__Your instructions__: Copy task for the material below: print the line with "this 800×500 image." and every line after it to the end, exactly as written, without the pictures.

__Data for the task__:
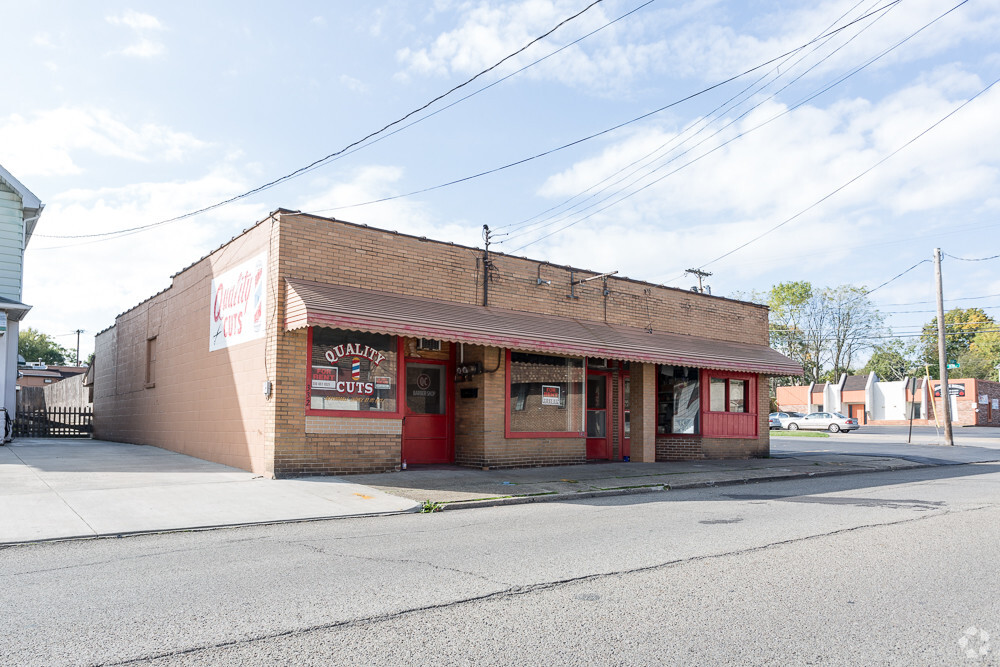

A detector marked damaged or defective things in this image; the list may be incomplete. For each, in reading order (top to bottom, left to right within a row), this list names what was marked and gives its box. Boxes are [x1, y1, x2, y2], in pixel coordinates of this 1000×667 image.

crack in asphalt [95, 504, 992, 664]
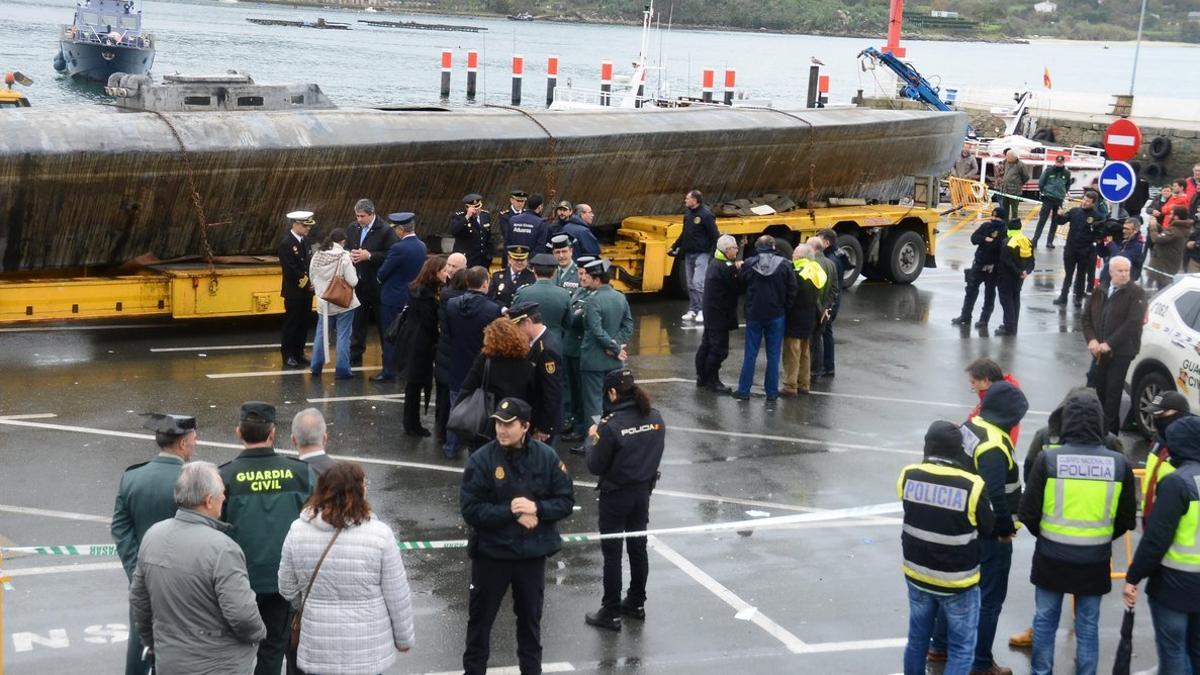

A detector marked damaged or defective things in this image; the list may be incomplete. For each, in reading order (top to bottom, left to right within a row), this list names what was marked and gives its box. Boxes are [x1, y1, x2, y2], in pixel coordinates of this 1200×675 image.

rusty hull [0, 103, 964, 272]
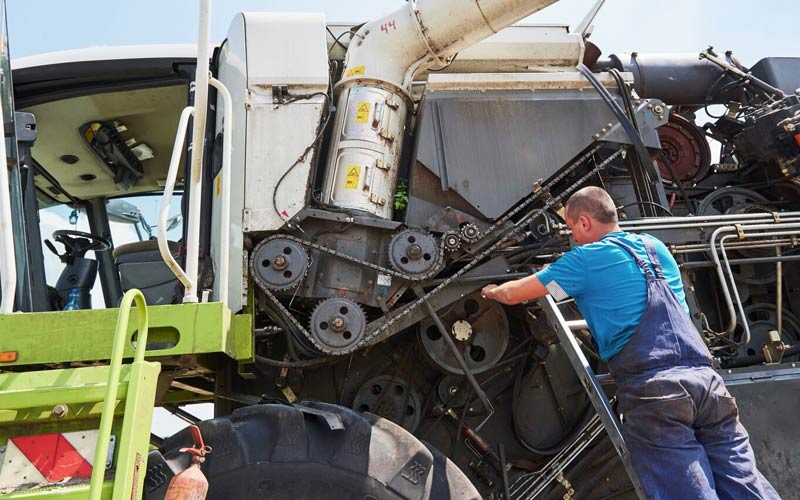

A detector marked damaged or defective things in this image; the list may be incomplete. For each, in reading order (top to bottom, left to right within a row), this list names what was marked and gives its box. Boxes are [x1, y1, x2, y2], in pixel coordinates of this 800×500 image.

rusty metal part [656, 112, 712, 183]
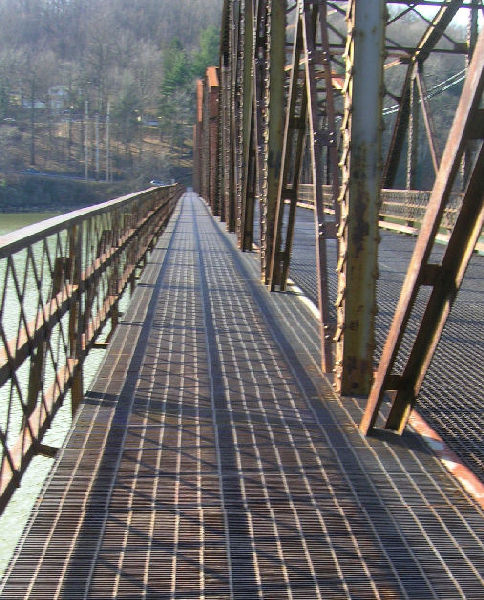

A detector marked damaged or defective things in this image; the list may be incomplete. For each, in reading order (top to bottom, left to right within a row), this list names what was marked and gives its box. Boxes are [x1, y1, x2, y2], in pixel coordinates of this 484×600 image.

rusty steel beam [362, 28, 484, 434]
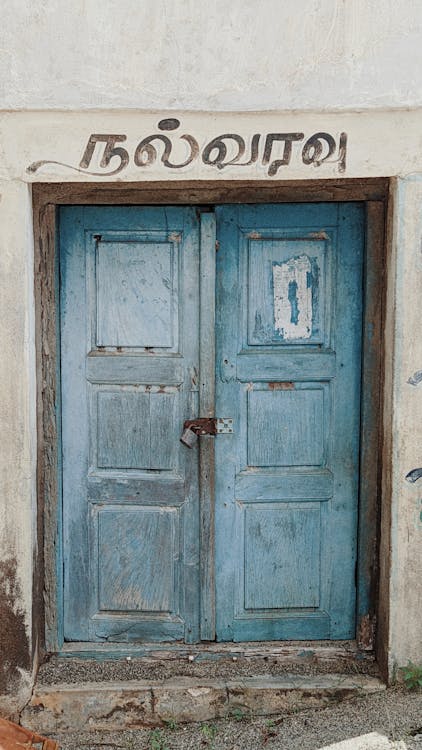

__Reply__:
A detector marked damaged or defective things in this image; the list may be incomplete. For each, in reading order (top to bottom, left to right within a row), this list names what was marked and gives its box. Boxes are [x1, y1, x2, y2], in pixel coordinates of this 800×500 image.

rusty metal part [656, 112, 712, 183]

A detector marked damaged or defective things in this image; the list may be incomplete. For each, in reading order (top to bottom, left to right within a row), this list names what was marked and gives its box. Boxes are [x1, y1, x2, y2], in pixel coordinates of this 484×600 image.

rusty steel beam [362, 28, 484, 434]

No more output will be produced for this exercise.